README
¶
http-over-polling
A net/http-compatible HTTP stack on top of cloudwego/netpoll.
If you want to keep normal handlers and framework code, but cut idle-connection goroutine growth and explore poller-driven WebSocket handling, this repo is built to show that with runnable examples and repeatable benchmarks.
Platform note: the core transport path and bundled examples are currently intended for Linux and macOS. Windows is not a supported target at this time.
Why it stands out
| What you get | Why it matters |
|---|---|
| Idle HTTP without per-connection goroutines on the hop path | Better fit for large idle fan-out workloads |
| Poller-driven WebSocket examples | Avoid the usual legacy goroutine-per-connection shape |
wrk comparison against stdlib server |
Easy to verify throughput claims yourself |
| Framework compatibility examples | chi, gin, echo keep their normal handler model |
| In-memory benches plus process benches | You can inspect both hot paths and end-to-end behavior |
At a glance
Idle and WebSocket goroutine profile
Measured by examples/integration/wsdemo_bench_test.go at 4096 concurrent connections.
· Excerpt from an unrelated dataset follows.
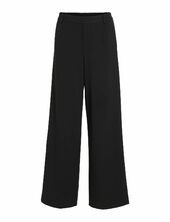 Vivar Hw Wide Pant - Noos Vila Black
| Scenario | Measured goroutines | Takeaway |
|---|---|---|
std-idle-http |
4096 | Idle stdlib path scales with connection count |
hop-idle-http |
0 | Idle hop path stays event-driven |
std-gorilla-std |
4096 | Standard WebSocket loop scales with connection count |
hop-gorilla-std |
8190 | Legacy Gorilla loop on hop is effectively about 2 goroutines per connection |
hop-gobwas-low |
0 | Poller-style path stays flat |
hop-gobwas-high |
0 | Poller-style path stays flat |
hop-gorilla-event |
0 | Event-driven Gorilla path stays flat |
What this means in practice:
| Style | Connection model |
|---|---|
| Legacy WebSocket loop | Roughly 2 goroutines per connection in the measured Gorilla legacy path |
| Poller WebSocket path | No per-connection goroutine growth in the measured scenario |
Run it yourself:
cd examples
go test ./integration -run '^$' -bench WebSocketServerGoroutines -benchmem -benchtime=1x -count=1
Increase the benchmark connection count:
cd examples
WSDEMO_CONN_COUNT=128 go test ./integration -run '^$' -bench WebSocketServerGoroutines -benchmem -count=1
wrk result on the bundled example workload
Result source: examples/.wrk-results/20260314-200547/
Command shape:
wrk -t6 -c300 -d30s http://localhost:8080
| Metric | stdhttp_example |
netpoll_example |
Delta |
|---|---|---|---|
| Requests/sec | 112,945.52 | 229,711.12 | 2.03x |
| Transfer/sec | 15.62 MB/s | 31.77 MB/s | 2.03x |
| Avg latency | 2.57 ms | 1.23 ms | -52% |
Headline takeaway:
| Statement | Value |
|---|---|
| Throughput advantage on the bundled workload | 2.03x |
| Additional requests/sec over stdlib | +116,765.60 req/s |
| Latency improvement | 1.34 ms lower avg latency |
This is intentionally scoped evidence, not a blanket claim about every production workload.
What you can run
Example servers
| Example | Purpose |
|---|---|
examples/cmd/stdhttp_example |
Baseline stdlib server |
examples/cmd/netpoll_example |
Same simple workload on hop.ListenAndServe(...) |
examples/cmd/ws_example |
Legacy and poller WebSocket styles side by side |
examples/cmd/benchparity |
Shared response body/constants for fair comparisons |
Run them:
cd examples && go run ./cmd/stdhttp_example
cd examples && go run ./cmd/netpoll_example
cd examples && go run ./cmd/ws_example
WebSocket example endpoints
| Endpoint | Mode |
|---|---|
/ws-gobwas-low |
Low-level event-driven |
/ws-gobwas-high |
wsutil-based event-driven |
/ws-gorilla-std |
Classic Gorilla goroutine loop |
/ws-gorilla-event |
Gorilla API on poller-driven read dispatch |
/sse |
Hijack-based SSE example |
/file |
File serving |
The point is not just that WebSockets work. The point is that you can see which styles keep the poller model and which styles fall back to legacy goroutine-heavy behavior.
Framework compatibility
If you already use a normal net/http framework, the pitch is simple: keep your handler code, change the server path.
| Framework | Status |
|---|---|
chi |
Verified |
gin |
Verified |
echo |
Verified |
Run the compatibility tests:
cd examples
go test ./integration -run 'TestChiCompatibility|TestGinCompatibility|TestEchoCompatibility' -count=1
In-memory benches are included too
This repo is not only about process-level demos.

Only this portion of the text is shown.